| ACTIVITY |
Restate word for word only the lines from the one with "Audi A6 S6 C6" through the end of the records; no pictures belong in the copy.

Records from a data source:
⁂
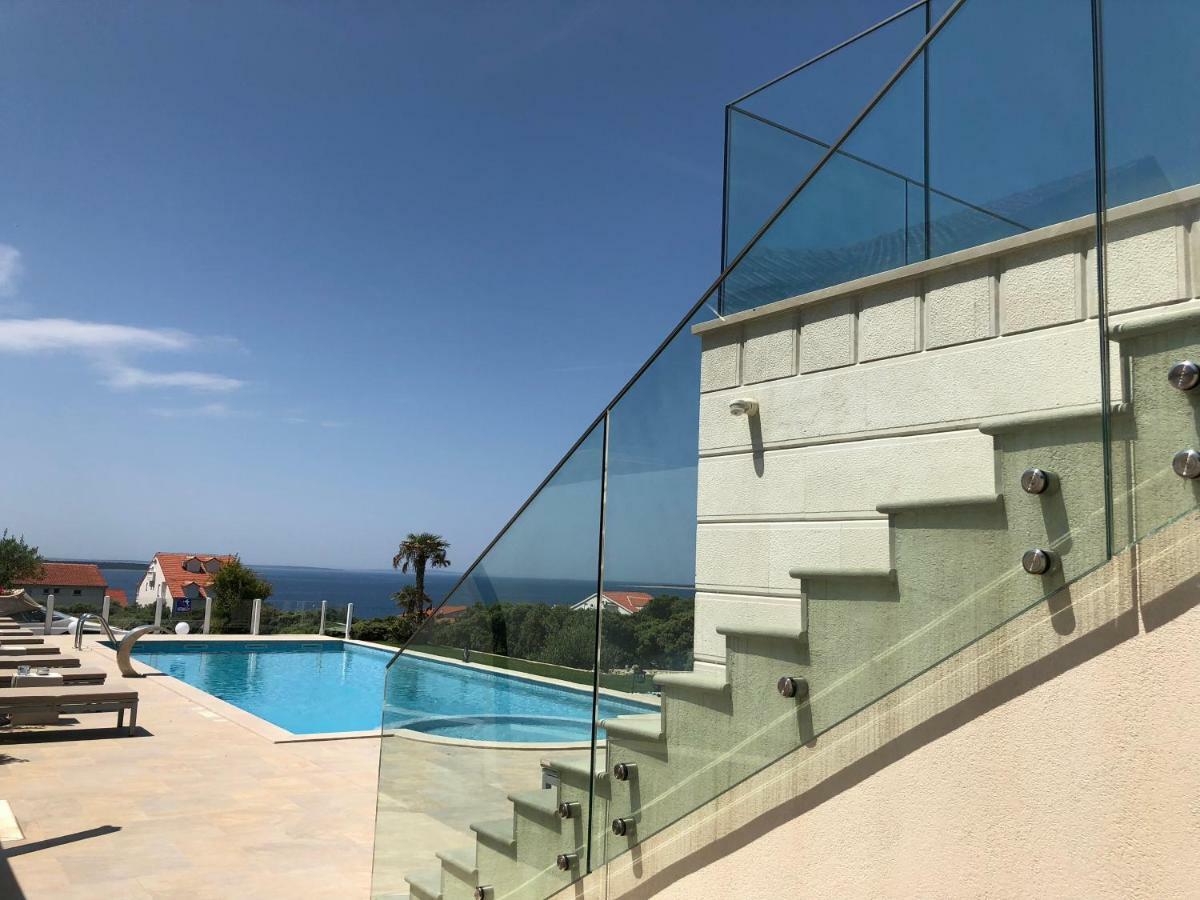 Luxury Apartments White Villa Violeta Мандре Екстериор снимка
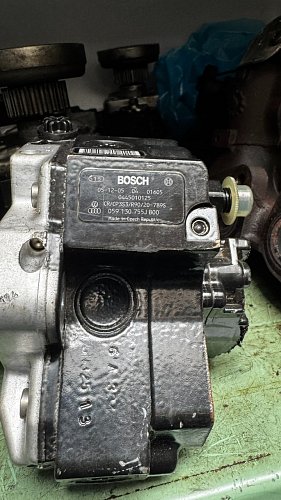 Audi A6 S6 C6 4F 2007 palivové vysokotlaké čerpadlo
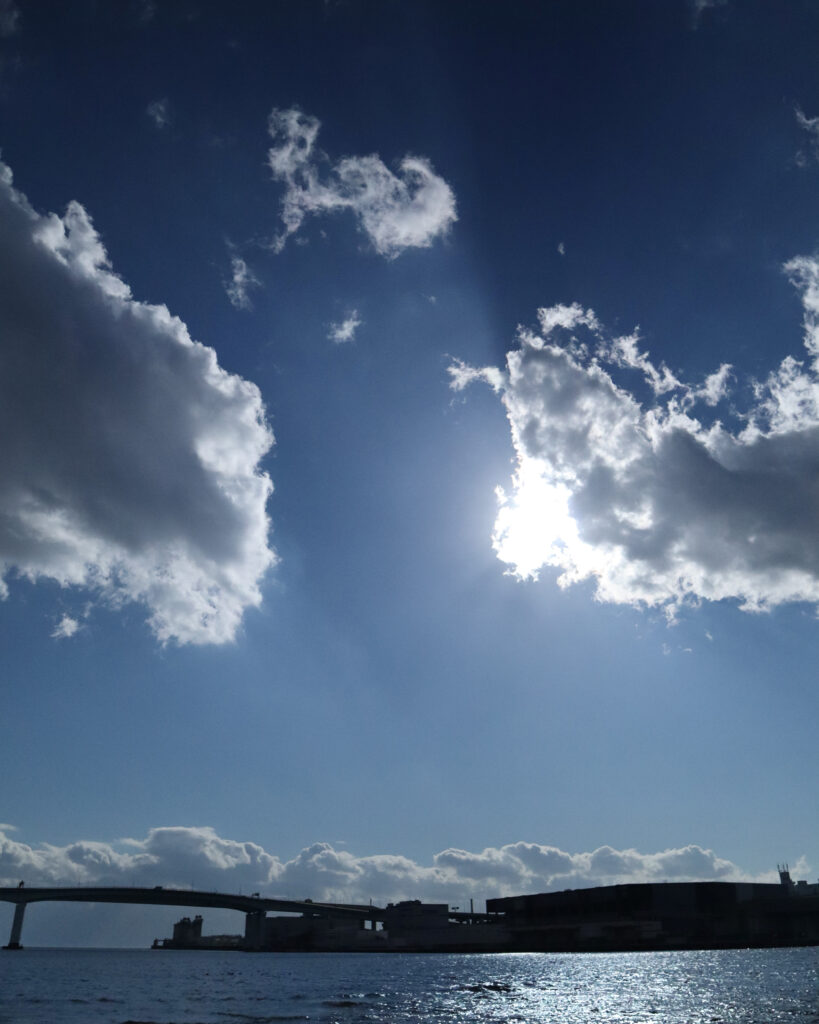 芦屋川河口付近の青空と海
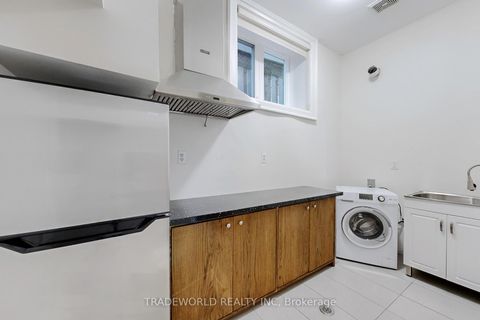 Photo 38 at 122 Parkview Avenue, Willowdale East, Toronto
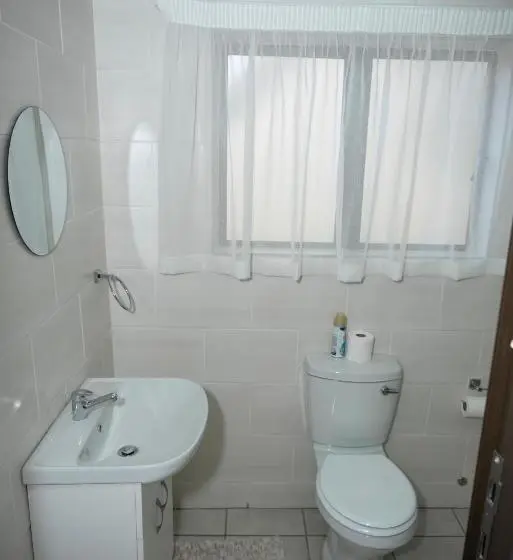 Standard-huone Sisäpuolella, Faces Guesthouse La Provance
⁂
| ANSWER SECTION |
 Audi A6 S6 C6 4F 2007 palivové vysokotlaké čerpadlo
 芦屋川河口付近の青空と海
 Photo 38 at 122 Parkview Avenue, Willowdale East, Toronto
 Standard-huone Sisäpuolella, Faces Guesthouse La Provance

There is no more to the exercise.